Tuesday, July 31, 2007

Absolute Generality 6: Hellman on ontologies

Hellman's second line of argument against absolutely general quantification rests -- according to the title of Section 4 of his paper -- on the multiplicity of 'factually equivalent ontologies'.

The claim is that 'The same underlying factual situation [can be] described accurately and adequately in ontologically diverse ways. It would be arbitrary and unwarranted to say that just one is "really correct".' What sorts of case does Hellman have in mind? 'Familiar examples cited long ago by Goodman ... and others come from geometry (pure or applied), e.g. a framework with points and lines (say, in the two-dimensional case) vs. a framework with just lines, points being definable as (suitably selected) pairs of intersecting lines.' But hold on, both frameworks agree that there are points and lines. Either way, then, in promiscuously quantifying over absolutely everything, I'll be quantifying over both points and lines. So what's the problem?

Ah, says Hellman, the absolutist must claim that there is one correct answer to the question 'Are there sui generis points, i.e. points which are distinct from pairs of lines or nested volumes, etc., not constructed out of anything else? ... We may not ever know [the answer], but it shows up one way or another in the range of "absolutely everything".' Eh? Why is someone who claims that we can sensibly quantify over everything committed to the quite different claim that issues about what is ontological basic or sui generis have determinate answers? When I say that everything is self-identical (for example), I commit myself inter alia to agreeing that points, whatever they ultimately are, are self-identical and lines, whatever they are, are self-identical. But I just can't see why it is supposed to follow that I'm thereby committing myself to supposing that the ontology game (in the form of raising the question what's really, really fundamental?) is even a game with determinate rules let alone delivers determinate answers.

Hellman offers variants on the points/lines case. He asks us to consider an ontology of space-time regions that doesn't recognize the existence of ordinary objects like books; strictly, instead of saying that there are books over there, we should say that a certain region is "booked", etc. And Hellman's thought is that in this sort of case, 'no entity recognized in the ontology of this theory is literally a book' (contrast the points/lines case, where there are entities available to be identified as points in either ontology). But so what? What has this to do with the question of the possibility of absolutely general quantification over everything?

It has turned out that there are no gods (which was a bit of a surprise in some quarters); so those who thought -- in quantifying over everything that there is -- that they were including gods along with the books and the points and lines would have been mistaken. But the possibility of being mistaken about what exists doesn't in itself undermine the possibility of quantifying over every that exists!
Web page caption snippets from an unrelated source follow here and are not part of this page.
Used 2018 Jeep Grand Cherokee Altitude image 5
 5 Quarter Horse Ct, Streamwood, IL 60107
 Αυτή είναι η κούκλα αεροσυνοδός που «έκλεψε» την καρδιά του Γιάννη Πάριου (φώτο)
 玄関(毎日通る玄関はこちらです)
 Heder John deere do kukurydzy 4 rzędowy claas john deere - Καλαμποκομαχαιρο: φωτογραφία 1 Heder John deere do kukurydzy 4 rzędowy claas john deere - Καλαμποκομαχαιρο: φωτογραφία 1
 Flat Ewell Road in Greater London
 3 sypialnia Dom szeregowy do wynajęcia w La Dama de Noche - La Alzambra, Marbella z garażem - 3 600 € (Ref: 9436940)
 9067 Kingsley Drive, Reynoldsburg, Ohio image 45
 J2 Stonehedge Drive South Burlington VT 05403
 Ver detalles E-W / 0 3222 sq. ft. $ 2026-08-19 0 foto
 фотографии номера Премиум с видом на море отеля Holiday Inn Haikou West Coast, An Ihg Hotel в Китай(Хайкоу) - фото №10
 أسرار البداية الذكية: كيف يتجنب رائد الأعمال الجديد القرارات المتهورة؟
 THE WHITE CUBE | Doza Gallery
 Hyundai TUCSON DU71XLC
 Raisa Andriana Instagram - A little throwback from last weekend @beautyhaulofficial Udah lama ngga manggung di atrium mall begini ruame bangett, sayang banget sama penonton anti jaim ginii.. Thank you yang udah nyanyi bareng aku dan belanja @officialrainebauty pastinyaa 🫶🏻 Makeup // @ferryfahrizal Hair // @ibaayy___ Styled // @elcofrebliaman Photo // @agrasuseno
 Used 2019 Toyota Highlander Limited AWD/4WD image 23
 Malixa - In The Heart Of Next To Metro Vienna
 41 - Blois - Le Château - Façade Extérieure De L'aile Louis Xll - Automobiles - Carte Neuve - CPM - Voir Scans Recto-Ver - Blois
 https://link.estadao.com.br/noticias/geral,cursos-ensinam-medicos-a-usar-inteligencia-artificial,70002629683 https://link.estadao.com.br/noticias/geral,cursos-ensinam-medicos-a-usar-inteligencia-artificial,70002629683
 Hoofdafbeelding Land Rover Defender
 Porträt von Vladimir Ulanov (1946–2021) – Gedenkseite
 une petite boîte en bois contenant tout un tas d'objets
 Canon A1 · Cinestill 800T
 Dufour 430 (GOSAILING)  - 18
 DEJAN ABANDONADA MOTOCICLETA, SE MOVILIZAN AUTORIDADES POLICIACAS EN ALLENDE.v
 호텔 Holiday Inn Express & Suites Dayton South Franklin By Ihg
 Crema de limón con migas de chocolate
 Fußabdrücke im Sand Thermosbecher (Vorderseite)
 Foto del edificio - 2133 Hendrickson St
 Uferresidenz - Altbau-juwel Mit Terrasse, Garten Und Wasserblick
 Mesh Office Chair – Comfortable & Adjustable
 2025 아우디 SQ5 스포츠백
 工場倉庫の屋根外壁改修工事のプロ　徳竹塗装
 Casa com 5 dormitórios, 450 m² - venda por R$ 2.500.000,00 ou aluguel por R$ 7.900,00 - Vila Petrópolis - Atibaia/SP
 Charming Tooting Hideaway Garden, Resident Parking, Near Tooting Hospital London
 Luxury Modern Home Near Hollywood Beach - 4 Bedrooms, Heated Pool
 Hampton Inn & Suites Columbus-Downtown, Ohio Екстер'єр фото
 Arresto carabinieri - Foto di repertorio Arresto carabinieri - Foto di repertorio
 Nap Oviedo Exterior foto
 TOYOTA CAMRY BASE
Similarly, suppose it turns out that there are wonderfully conclusive arguments for an ontology of space-time regions that makes it false that there are books. That would be more than a bit of surprise! But, playing along with that fantasy, then it would have just turned out that we are as mistaken in thinking -- when we quantify over everything -- that books are included as our ancestors were in thinking that gods were included. That still doesn't undermine the possibility of quantifying over everything.

So, in short, I can't see that Hellman's arguments in Section 4 of his paper have any force as they stand. He just seems to be running together issues about quantifying over 'what exists absolutely, "in Reality"' (his phrase) with the question about whether we can quantify over absolutely everything that exists.


Enigman said...

I don't really know, but I've just read McGee's paper (that's the paper that should have been first in the book, I think) and he begins by observing why truth is important... So it occurs to me that we might have to hold onto such truths as (e.g.) that his paper is in Absolute Generality. Even if there are no books objectively out there, but only particles, we would still want to quantify over books (and people etc.), we would still want to count them as things (of some fuzzy sort perhaps). But they would not be in the range of the quantifiers, since (the common view is that) they range only over all things that really exist objectively. (Having said that, I don't see why that would be a problem for the absolutist.)

Enigman said...

(Having slept on it, I've posted my (nearly coherent?) thoughts about a possible problem for the absolutist on my blog.)